Мы намеренно остановились с некоторою подробностью на воззрениях Тона, так как они исходят от начала совершенно противоположного тому, которое мы развивали выше. Несостоятельность противного взгляда служит подтверждением правильности выводов. Мы могли убедиться вместе с тем, что рядом с упадком философии идет и упадок правоведения, для которого затмевается истинный смысл понятий, лежащих в основании как науки, так и практики. Не всегда наука равномерно движется вперед. Одностороннее развитие известного направления неизбежно влечет за собою понижение мысли в других отношениях[48].

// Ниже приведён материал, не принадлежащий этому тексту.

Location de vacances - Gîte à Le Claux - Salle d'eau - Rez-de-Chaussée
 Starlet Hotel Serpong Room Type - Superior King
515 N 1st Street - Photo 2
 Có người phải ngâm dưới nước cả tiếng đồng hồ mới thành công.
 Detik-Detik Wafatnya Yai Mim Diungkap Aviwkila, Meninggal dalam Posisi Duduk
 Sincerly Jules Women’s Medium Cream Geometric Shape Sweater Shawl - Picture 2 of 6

Если же юристы до такой степени блуждают на счет коренных начал своей науки, то чего можно ожидать от экономистов, пытающихся делать экскурсии в области философии права? Здесь уже социал-политика в полном ходу, и нет даже юриспруденции, которая могла бы хотя несколько сдерживать эти стремления. Изучая состояние современной мысли, мы не можем обойти этих явлений, хотя заранее можем быть уверены, что никакого научного плода от этого изучения не получится. Главная характеристическая черта означенных теорий состоит в постоянном блуждании между опытом и метафизикою, без всякого руководящего начала, а потому без всякой возможности выпутаться из возникающих отсюда противоречий.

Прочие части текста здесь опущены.